Wednesday, November 20, 2013

Lending curb more stringent

Analysts at Alliance Research Sdn Bhd (Alliance Research) viewed negatively the new circular by Bank Negara Malaysia (BNM) to consolidate certain earlier guidelines on lending restrictions to the property sector as well as the latest prohibition on the Developer Interest Bearing Scheme (DIBS).

Head of research Bernard Ching noted that post-Budget 2014, developers have largely brushed aside the impact of DIBS prohibition, citing that other form of incentives will be offered to property buyers to replace DIBS.

However, the new BNM circular now requires banks to use ‘net selling price’ (sales and purchase agreement price, minus all incentives provided) to determine the loan-to-value (LTV) ratio for all types of property financing.

The circular, entitled “Measures to Promote Sustainability of the Property Market”, was to ensure the long term sustainability of the property market.

Note that this rule is not only restricted to property loans for those who already have two or more property loans, Ching said.

“This will effectively lead to higher cash outlay by all property buyers, thereby affecting affordability,” he forewarned in his note on the matter.

“We now believe the adverse impact on the property market to be more pronounced than initially anticipated.

“We believe transaction volume will fall going into 2014.

While we believe property prices will hold in most cases, those schemes which thrive on DIBS and other incentive schemes now need to mark down their prices to the ‘true value’.”

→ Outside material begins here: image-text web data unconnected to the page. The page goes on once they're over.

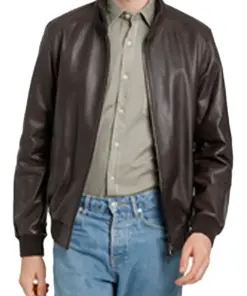 mens-buttoned-collar-chocolate-faux-leather-bomber-jacket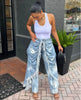 Daily Blue Pocket Ruched Frayed Trim Casual Contrast Denim Jeans High Street Vintage Casual Asymmetric Denim Trousers for Women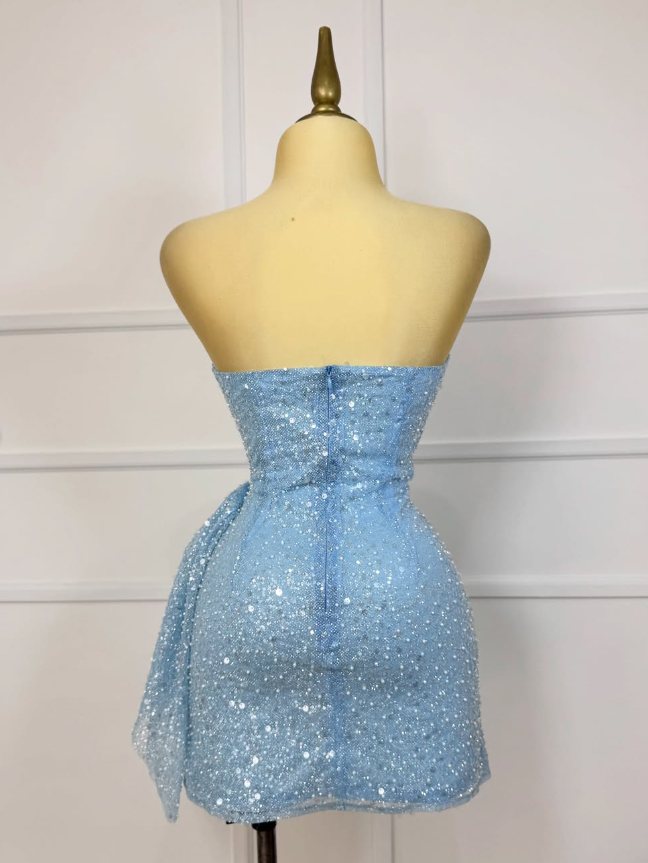 Gorgeous Pink Sequins Short Bodycon Dress Homecoming Dress DP562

The head of research also anticipated a ‘mad rush’ by property buyers or developers to lock in DIBS for certain projects prior to January 1, 2014.

Note that projects which have procured approvals from authorities prior to November 15 may continue to offer DIBS up to December 31, 2013.

For those projects which have not procured the necessary approvals, DIBS prohibition is effective immediately.

“While headwinds for the property sector may dampen investors’ interest in property counters, the KL Property Index has already corrected 15.6 per cent since hitting a high of 1,531.71 on May 29,” Ching observed.

“Although valuation is not compelling yet, it is not excessive at current level.
As such, we believe there is no hurry to bottom fish property stocks yet.”

Meanwhile, analyst Cheah King Yoong from Alliance Research said this new circular has further reinforced restriction on granting of interest capitalisation scheme (ICS).

“While it is difficult to gauge the impact on banks going forward, the fact that this new rule applies to all property financing, including first time home buyers, means that property buyers’ affordability will be affected and this will lead to lower property loans growth,” he opined.

Cheah noted that the said circular also represented the third attempt by the authorities to contain the growth in household debt within the second half of this year.

“We currently project next year loan growth target of nine per cent, supported by stronger growth of business loans stemming from the ongoing implementation of Entry Point Projects under the government Economic Transformation Programme, which is expected to fill up the vacuum left by the moderation in household loans,” he said.

“We believe that the latest policies implemented by BNM illustrated the sheer determination of the authorities to contain the growth of household debt,” he added.

“These measures, together with potential rate hikes by BNM in 2014, fiscal tightening by the federal government and subsidy rationalisation programme next year, could further drag loan growth momentum in the retail segments; temporarily lead to rising credit cost; and dampen investor sentiments on the banking sector.”